- Title card since 2026
- Also known as: AOS; AyOS;
- Genre: Variety show
- Written by: Rommel Gacho (since 2020); Vincent de Jesus (2020); Mcoy Fundales (2020–24);
- Directed by: Miguel "Miggy" Tanchanco
- Creative directors: Caesar Cosme (2020–24); Rommel Gacho;
- Presented by: Alden Richards (2020–23); Julie Anne San Jose; Rayver Cruz; Ken Chan; Rita Daniela; Gabbi Garcia (2020–23); Christian Bautista; Aicelle Santos (2020–23); Mark Bautista; Glaiza de Castro (2020–23); Paolo Contis (2020–23); Betong Sumaya (2020–23); Miguel Tanfelix; Derrick Monasterio; Migo Adecer (2020–21); Kyline Alcantara; Cassy Legaspi (2020–21); Mavy Legaspi (2020–23); Lexi Gonzales; Garrett Bolden; Golden Cañedo (2020–21); Thea Astley; Jeremiah Tiangco; Jong Madaliday (2020–21); Joaquin Domagoso (2020–23); Kim de Leon (2020–23); Shayne Sava (2020–23); Vince Crisostomo (2020–23); Radson Flores (2020–23); Karl Aquino (2020); Abdul Raman (2020–22); Kakai Bautista (2020–23); Boobay (2020); Super Tekla (2020); Allen Ansay; Ysabel Ortega (since 2021); Sofia Pablo (since 2021); Jessica Villarubin (since 2021); Hannah Precillas (since 2021); Sanya Lopez (since 2022); Mariane Osabel (since 2022); Zephanie (since 2022);
- Narrated by: Thea Astley (since 2021)
- Opening theme: "All-Out Sundays"
- Ending theme: "All-Out Sundays"
- Country of origin: Philippines
- Original language: Tagalog

Production
- Executive producers: Paul Lester M. Chia (2020–24); Reylie Manalo (2020–24); Aileen Victoria Tandang (since 2024);
- Production locations: Studio 7, GMA Network Studios Annex, Quezon City, Philippines
- Camera setup: Multiple-camera setup
- Running time: 90–150 minutes
- Production company: GMA Entertainment Group

Original release
- Network: GMA Network
- Release: January 5, 2020 – present

= All-Out Sundays =

Philippine television variety show

All-Out Sundays (also known as AOS or AyOS) is a Philippine television variety show broadcast by GMA Network. Directed by Miguel "Miggy" Tanchanco, it was originally starred by Alden Richards, Julie Anne San Jose, Rayver Cruz, Ken Chan, Rita Daniela, Gabbi Garcia, Christian Bautista, Aicelle Santos, Mark Bautista, Glaiza de Castro, Paolo Contis, Betong Sumaya, Miguel Tanfelix, Derrick Monasterio, Migo Adecer, Kyline Alcantara, Cassy Legaspi, Mavy Legaspi, Lexi Gonzales, Garrett Bolden, Golden Cañedo, Thea Astley, Jeremiah Tiangco, Jong Madaliday, Joaquin Domagoso, Kim de Leon, Shayne Sava, Vince Crisostomo, Radson Flores, Karl Aquino, Abdul Raman, Kakai Bautista, Boobay and Super Tekla. It premiered on January 5, 2020, on the network's Sunday Grande sa Hapon line up. San Jose, Cruz, Chan, Daniela, Christian Bautista, Mark Bautista, Tanfelix, Monasterio, Alcantara, Gonzales, Bolden, Astley, Sanya Lopez, Ysabel Ortega, Sofia Pablo, Allen Ansay, Zephanie, Michael Sager, Sean Lucas, Patrick Quiroz, John Rex Baculfo, Mariane Osabel, Jessica Villarubin and Hannah Precillas currently serve as the cast.

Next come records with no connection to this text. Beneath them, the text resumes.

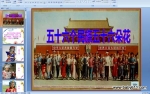 ��ʮ����������ʮ���仨 (ppt�μ�)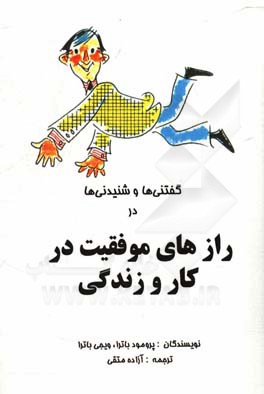 رازهای موفقیت در کار و زندگی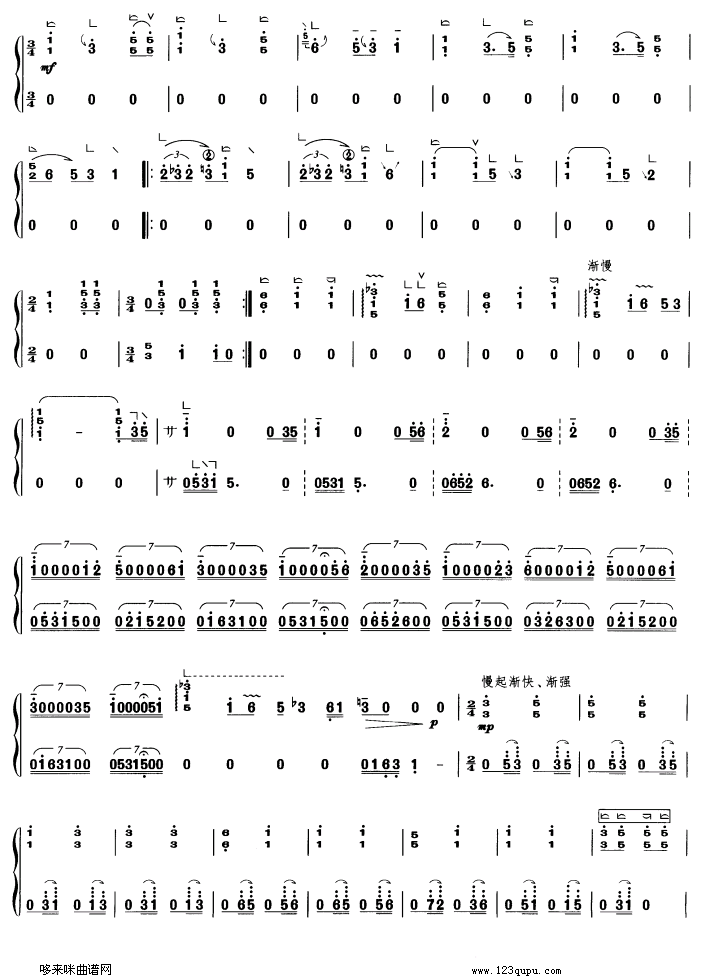 歌曲苗岭的早晨的简谱歌谱下载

The show is originally titled as All-Out Sunday. It is streaming online on YouTube, Facebook and TikTok.

==Overview==
All-Out Sundays is under the direction of Miguel "Miggy" Tanchanco. The creative team is composed of creative directors, Caesar Cosme and Rommel Gacho. The latter is also the headwriter, along with Mcoy Fundales. Rem Zamora served as the stage director.

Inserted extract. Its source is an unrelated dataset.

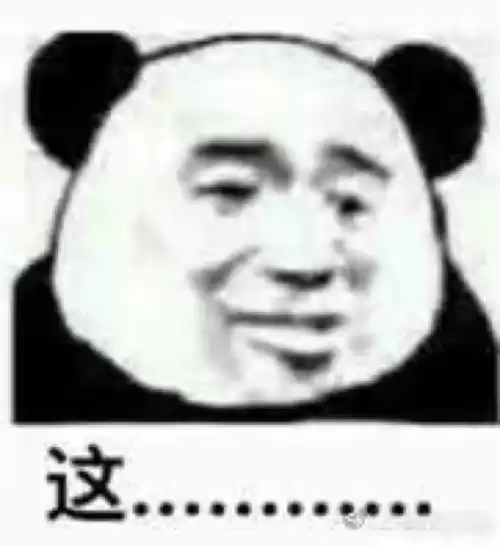 万宁象棋哪个大招最厉害　象棋最厉害的棋子-第3张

The cast from the variety shows Sunday PinaSaya and Studio 7, along with the winners and contestants of the reality competition show The Clash, were carried over to join the show.

In March 2020, the admission of a live audience in the studio and production were suspended due to the enhanced community quarantine in Luzon caused by the COVID-19 pandemic. The show resumed through livestreaming on YouTube and Facebook as All-Out Sundays: The Stay Home Party. It resumed original television programming on July 12, 2020. The show returned to studio filming on September 27, 2020.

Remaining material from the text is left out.